The tenets of dbt_metrics
, which should be considered during development, issues, and contributions, are:
- A metric value should be consistent everywhere that it is referenced
- We prefer generalized metrics with many dimensions over specific metrics with few dimensions
- It should be easier to use dbt’s metrics than it is to avoid them
- Organization and discoverability are as important as precision
- One-off models built to power metrics are an anti-pattern
Check dbt Hub for the latest installation instructions, or read the docs for more information on installing packages.
Include in your package.yml
packages:
- package: dbt-labs/metrics
version: [">=1.3.0", "<1.4.0"]
The adapaters that are currently supported in the dbt_metrics package are:
- Snowflake
- BigQuery
- Redshift
- Postgres
- Databricks
The calculate macro performs the metric aggregation and returns the dataset based on the specifications of the metric definition and the options selected in the macro. It can be accessed like any other macro:
select *
from {{ metrics.calculate(
metric('new_customers'),
grain='week',
dimensions=['plan', 'country'],
secondary_calculations=[
metrics.period_over_period(comparison_strategy="ratio", interval=1, alias="pop_1wk"),
metrics.period_over_period(comparison_strategy="difference", interval=1),
metrics.period_to_date(aggregate="average", period="month", alias="this_month_average"),
metrics.period_to_date(aggregate="sum", period="year"),
metrics.rolling(aggregate="average", interval=4, alias="avg_past_4wks"),
metrics.rolling(aggregate="min", interval=4)
],
start_date='2022-01-01',
end_date='2022-12-31',
where="some_column='filter_value'"
) }}
If no grain
is provided to the macro in the query then the dataset returned will not be time-bound.
start_date
and end_date
are optional. When not provided, the spine will span all dates from oldest to newest in the metric's dataset. This default is likely to be correct in most cases, but you can use the arguments to either narrow the resulting table or expand it (e.g. if there was no new customers until 3 January but you want to include the first two days as well). Both values are inclusive.

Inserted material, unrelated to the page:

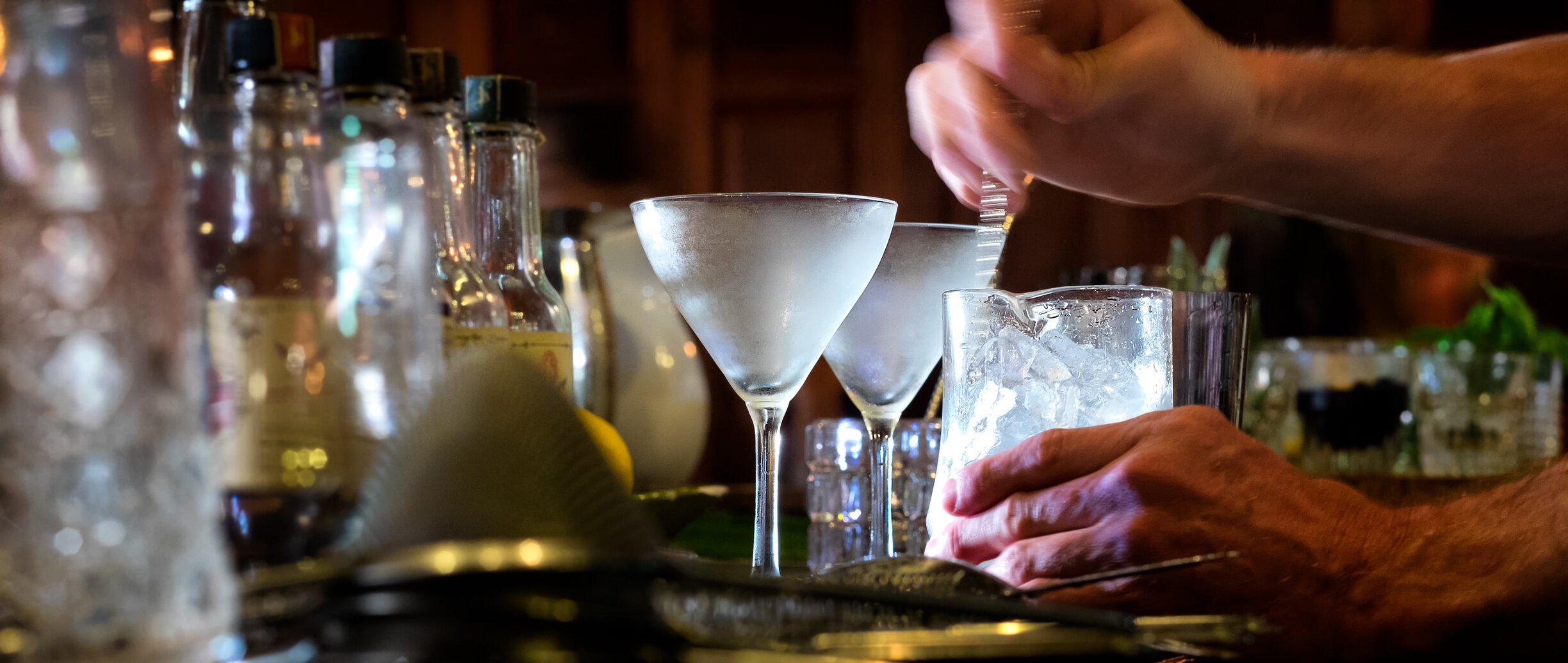 How to Choose the Perfect Bar For a Small Space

Input | Example | Description | Required |
---|---|---|---|
metric_list | metric('some_metric') , [metric('some_metric') ,metric('some_other_metric') ] |
The metric(s) to be queried by the macro. If multiple metrics required, provide in list format. | Required |
grain | day , week , month |
The time grain that the metric will be aggregated to in the returned dataset | Optional |
dimensions | [plan , country , some_predefined_dimension_name |
The dimensions you want the metric to be aggregated by in the returned dataset | Optional |
start_date | 2022-01-01 |
Limits the date range of data used in the metric calculation by not querying data before this date | Optional |
end_date | 2022-12-31 |
Limits the date range of data used in the metric claculation by not querying data after this date | Optional |
where | plan='paying_customer' |
A sql statment, or series of sql statements, that alter the final CTE in the generated sql. Most often used to limit the data to specific values of dimensions provided | Optional |
There are times when you want to test what a metric might look like before defining it in your project. In these cases you should use the develop
metric, which allows you to provide a single metric in a contained yml in order to simulate what the metric might loook like if defined in your project.
{% set my_metric_yml -%}
{% raw %}
metrics:
- name: develop_metric
model: ref('fact_orders')
label: Total Discount ($)
timestamp: order_date
time_grains: [day, week, month]
calculation_method: average
expression: discount_total
dimensions:
- had_discount
- order_country
{% endraw %}
{%- endset %}
select *
from {{ metrics.develop(
develop_yml=my_metric_yml,
metric_list=['develop_metric']
grain='month'
)
}}
Input | Example | Description | Required |
---|---|---|---|
metric_list | ('some_metric') , [('some_metric') ,('some_other_metric') ] |
The metric(s) to be queried by the macro. If multiple metrics required, provide in list format. Do not provide in metric('name) format as that triggers dbt parsing for metric that doesn't exist. Just provide the name of the metric. |
Required |
grain | day , week , month |
The time grain that the metric will be aggregated to in the returned dataset | Optional |
dimensions | [plan , country , some_predefined_dimension_name |
The dimensions you want the metric to be aggregated by in the returned dataset | Optional |
start_date | 2022-01-01 |
Limits the date range of data used in the metric calculation by not querying data before this date | Optional |
end_date | 2022-12-31 |
Limits the date range of data used in the metric claculation by not querying data after this date | Optional |
where | plan='paying_customer' |
A sql statment, or series of sql statements, that alter the final CTE in the generated sql. Most often used to limit the data to specific values of dimensions provided | Optional |
If you have a more complicated use case that you are interested in testing, the develop macro also supports this behavior. The only caveat is that you must include the raw tags for any provided metric yml that contains a derived metric. Example below:
{% set my_metric_yml -%}
{% raw %}
metrics:
- name: develop_metric
model: ref('fact_orders')
label: Total Discount ($)
timestamp: order_date
time_grains: [day, week, month]
calculation_method: average
expression: discount_total
dimensions:
- had_discount
- order_country
- name: derived_metric
label: Total Discount ($)
timestamp: order_date
time_grains: [day, week, month]
calculation_method: derived
expression: "{{ metric('develop_metric') }} - 1 "
dimensions:
- had_discount
- order_country
- name: some_other_metric_not_using
label: Total Discount ($)
timestamp: order_date
time_grains: [day, week, month]
calculation_method: derived
expression: "{{ metric('derived_metric') }} - 1 "
dimensions:
- had_discount
- order_country
{% endraw %}
{%- endset %}
select *
from {{ metrics.develop(
develop_yml=my_metric_yml,
metric_list=['derived_metric']
grain='month'
)
}}
The above example will return a dataset that contains the metric provided in the metric list (derived_metric
) and the parent metric (develop_metric
). It will not contain some_other_metric_not_using
as it is not designated in the metric list or a parent of the metrics included.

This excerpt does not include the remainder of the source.